A ces guerres se rattache une légende qui couvre peut-être
un fait historique que les écrivains de Rome se sont gardés de nous raconter.
Après la retraite des Gaulois, les Fidénates, ligués avec d’autres peuples,
avaient pénétré jusqu’au pied de l’enceinte de Servius et, pour se retirer,
ils exigeaient qu’on leur livrât les plus nobles des matrones. La honte,
l’anxiété étaient dans la ville ; une esclave, à laquelle son dévouement
valut le nom de Tutela, offrit de se rendre avec les plus jolies de ses
compagnes, revêtues du vêtement des matrones, dans le camp ennemi. Les
sénateurs acceptèrent, et les Fidénates, tout glorieux de cette humiliation
de Rome, la célébrèrent par une orgie qui se prolongea longtemps. Quand
l’ivresse leur eut fermé les yeux, Tutela, montée au plus haut d’un figuier
sauvage[7], appela les
Romains, qui triomphèrent sans peine de ces adversaires désarmés. La Judith latine et celles
qui l’avaient suivie furent affranchies et dotées aux frais du trésor public.
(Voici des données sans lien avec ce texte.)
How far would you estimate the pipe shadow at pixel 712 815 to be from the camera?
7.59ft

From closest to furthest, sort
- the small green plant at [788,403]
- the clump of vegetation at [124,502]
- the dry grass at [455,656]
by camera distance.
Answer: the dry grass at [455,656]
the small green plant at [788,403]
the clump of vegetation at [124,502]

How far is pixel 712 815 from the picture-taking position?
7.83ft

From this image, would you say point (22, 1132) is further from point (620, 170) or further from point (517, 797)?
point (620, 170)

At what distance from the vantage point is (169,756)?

Chaque année, aux nones de juillet, les esclaves, parées de la stola des matrones et portant des branches de
figuier, célébraient, par un sacrifice dans le temple de Junon Caprotine, le
souvenir de celles qui avaient sauvé l’honneur des dames romaines[8].
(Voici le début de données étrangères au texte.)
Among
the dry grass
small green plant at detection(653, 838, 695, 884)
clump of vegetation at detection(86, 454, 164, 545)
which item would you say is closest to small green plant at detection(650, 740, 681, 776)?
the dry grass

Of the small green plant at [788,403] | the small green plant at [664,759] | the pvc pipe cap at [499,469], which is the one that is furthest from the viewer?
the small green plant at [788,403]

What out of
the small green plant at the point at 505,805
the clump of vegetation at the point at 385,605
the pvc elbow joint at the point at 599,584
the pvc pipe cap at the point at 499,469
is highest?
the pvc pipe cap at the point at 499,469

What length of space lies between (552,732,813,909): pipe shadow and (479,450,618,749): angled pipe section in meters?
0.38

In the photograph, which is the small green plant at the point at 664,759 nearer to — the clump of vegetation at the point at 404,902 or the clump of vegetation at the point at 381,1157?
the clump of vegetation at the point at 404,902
II. — RETOUR DES GAULOIS DANS LE
LATIUM ; MANLIUS, VALERIUS CORVUS.
Les Sénons, rentrés dans leur pays avec le butin de Rome,
avaient bien vite recommencé leurs courses aventureuses. En 376, ils
s’emparèrent de l’importante place d’Ariminum et nous avons des as de cette
ville représentant une tête gauloise très reconnaissable à la moustache et au
collier qu’elle porte. De leurs exploits sur les côtes de l’Adriatique nous
ne savons rien ; mais ils n’avaient pas oublié la route du pays latin qu’ils
avaient impunément ravagé pendant sept mois. Vingt-trois ans après le siége
du Capitole, ils reparurent et arrivèrent jusqu’aux environs du mont Albain,
où Camille gagna sur eux une grande victoire, grâce aux changements qu’il
avait opérés dans l’armement des soldats (367). Polybe ne parle pas, il est vrai, de
ce dernier triomphe du dictateur octogénaire ; mais il en ignorait bien
d’autres que la vanité romaine racontait longuement. En 361, disaient les
annalistes, les Gaulois campèrent sur la via Salaria, près de l’Anio.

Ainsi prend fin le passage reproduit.